Graduation from flight school would see dad
off to India where he would fly "The Hump" in his C-46 until the war's
end, but would not make it home until February of 1946.
Mom was still waiting, her daughter having
turned almost 4 years old until her daddy, and my mother's husband,
would finally come home.
Dad attended Auburn after that on the GI
Bill, getting his degree in Electrical Engineering in 1949. He went to
work for the TVA in Chattanooga, TN, and joined the Tennessee National
Guard as a pilot to generate some extra income for his family which now
included me, having arrived in this world 9 months to the day after my
dad's home coming from WW2. Imagine that.
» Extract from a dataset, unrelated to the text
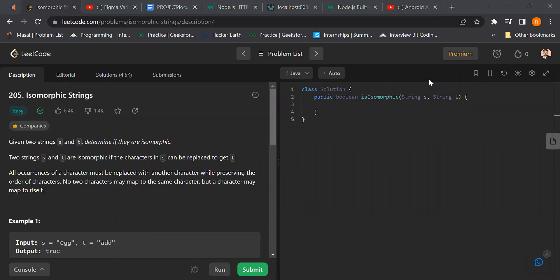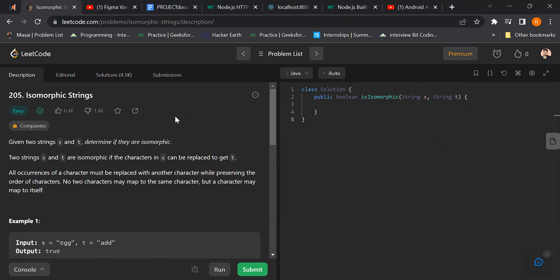Hey guys, welcome back to my YouTube channel. In this video we are going to solve the isomorphic string problem. Isomorphic string basically means a similar one from another. We are given two strings s and t, and we check if they are isomorphic or not — meaning if the characters in s can be replaced to get t.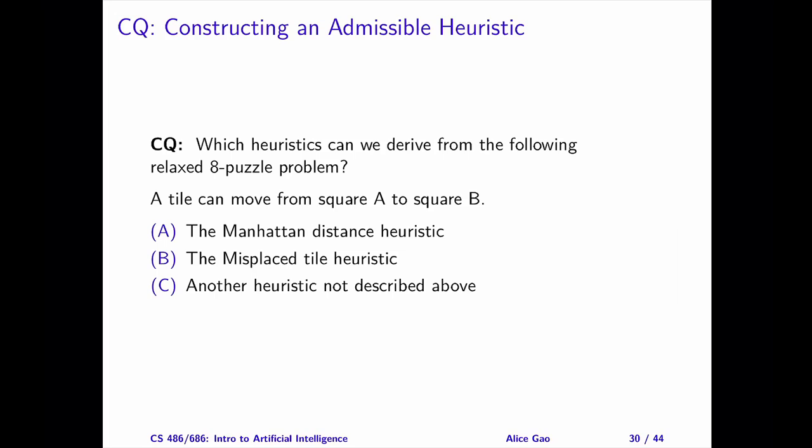Hello everyone, this is Alice Gao. In this video, I will go through the process of solving the question in lecture 3 on slide 30.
What was unimaginable at the time was that
his guard unit would be activated for duty in Korea.
After another 6 months gone from home for
predeployment training, he left for Korea in late 1950 and returned in
the Fall of 1952, my mother once again left behind to raise her son and
daughter.
Dad decided to stay in the military at this
point, having 6 years toward a 20 year retirement under his belt, and
we were to move a dozen times between then and his retirement in 1967,
he leaving us behind several more times in between as he attended
various military schools and a time in Germany alone before we could
join him in 1959.
My mom had become an army wife, having
unwittingly drifted into a life style that a small town Alabama girl
could never have imagined when she first met dad in 1941. One of
millions, she fought 3 wars with her husband, staying at home alone,
moving at the most inconvenient times, and sacrificing the home town
comforts enjoyed by most women whose husbands were civilians.
Here is to mom on Veteran's Day. Here is to
all the military moms who answered the call every bit as courageously
as their husbands did.
Sometimes I wonder who was the bravest, and
who had the hardest job. As a parent now, who understands the demands
of motherhood without the additional heavy weight of a military life on
their shoulders, I think I know the answer to that.